The bill was cosponsored by Rep. Earl Blumenauer (D-OR). The bill has been referred to the House Ways and Means Committee, of which Rep. Gerlach is a member.
The NTEA says this legislation would provide sales, infrastructure, and efficiency benefits.
The 12% federal excise tax (FET) is currently levied on the retail sale of some heavy truck and truck bodies, trailers and semitrailer bodies and chassis and truck tractors. The revenues collected from this excise tax are dedicated to the highway trust fund. The highway trust fund is dedicated to the construction and maintenance of federal highways and bridges. The primary revenue source for this fund is the fuel taxes.
“A 12% retail sales tax serves as a disincentive to sales,” the NTEA says. “As the economy and industry begin to recover, eliminating this disincentive will serve to strengthen the industry.
“Since the FET is levied on truck sales and the collected revenue is dedicated to highway funding, it is basically a user fee. As a user fee, the FET is flawed. It does not equitably tax the users of the highways. The fuel tax more closely approximates user equity. The heavier the vehicle and the more distance it travels the more fuel it typically uses. The more fuel the truck uses, the more it pays into the highway trust fund.

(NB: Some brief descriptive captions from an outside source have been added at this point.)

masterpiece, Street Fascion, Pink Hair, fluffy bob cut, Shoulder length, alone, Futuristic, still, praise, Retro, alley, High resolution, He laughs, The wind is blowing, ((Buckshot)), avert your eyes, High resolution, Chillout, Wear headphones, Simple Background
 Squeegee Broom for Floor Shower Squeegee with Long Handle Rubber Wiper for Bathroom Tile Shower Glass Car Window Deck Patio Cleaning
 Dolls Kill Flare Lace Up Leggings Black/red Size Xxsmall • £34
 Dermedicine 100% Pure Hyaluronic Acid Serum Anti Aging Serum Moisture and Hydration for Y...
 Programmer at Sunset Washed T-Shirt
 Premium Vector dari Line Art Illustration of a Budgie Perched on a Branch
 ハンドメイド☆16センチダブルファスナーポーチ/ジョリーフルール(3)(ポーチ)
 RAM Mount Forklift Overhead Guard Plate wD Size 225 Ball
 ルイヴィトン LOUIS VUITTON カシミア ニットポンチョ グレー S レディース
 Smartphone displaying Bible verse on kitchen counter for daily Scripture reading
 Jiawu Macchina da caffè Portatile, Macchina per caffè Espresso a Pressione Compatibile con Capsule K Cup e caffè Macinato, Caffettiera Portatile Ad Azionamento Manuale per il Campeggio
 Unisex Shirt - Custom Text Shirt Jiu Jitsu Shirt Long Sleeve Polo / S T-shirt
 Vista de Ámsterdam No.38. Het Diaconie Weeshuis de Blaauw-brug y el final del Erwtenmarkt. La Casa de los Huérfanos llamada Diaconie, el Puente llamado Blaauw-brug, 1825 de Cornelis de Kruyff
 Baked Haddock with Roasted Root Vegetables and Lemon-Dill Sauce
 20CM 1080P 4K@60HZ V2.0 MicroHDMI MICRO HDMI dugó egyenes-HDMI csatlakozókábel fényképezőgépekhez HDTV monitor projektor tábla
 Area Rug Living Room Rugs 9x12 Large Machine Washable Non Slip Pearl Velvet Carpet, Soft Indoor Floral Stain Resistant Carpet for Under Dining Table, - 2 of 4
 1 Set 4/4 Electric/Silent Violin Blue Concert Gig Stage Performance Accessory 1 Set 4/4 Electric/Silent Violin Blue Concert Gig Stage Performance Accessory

“The highway trust fund is shrinking. The FET serves as a very unstable source of revenue. FET revenues are completely driven by sales. When truck sales drop, the FET revenue being deposited to help pay for highway construction and maintenance drops in a corresponding manner. Fuel tax revenues are much more resistant to economic ups and downs. The fuel tax provides a significantly more stable source of revenue for federal budgeters.
“The FET has always been a very complex tax for truck sellers to apply. Truck equipment distributors and dealers have consistently been faced with situations where the taxability of a truck, truck body or equipment was unclear. Eliminating this tax and shifting it to the existing diesel tax will improve the sales process for many companies.”
In order to help work truck industry companies gain a better understanding of FET and how it is applied, the NTEA released the Federal Excise Tax Guide for the Work Truck Industry in 2011. This is the first and only publication that takes a comprehensive look at the 12% tax that applies to work trucks, tractors and trailers. Sections include information on the "Suitable for Use" standard; the Six-Month Rule; the 75% Rule; tax-free sales; and more.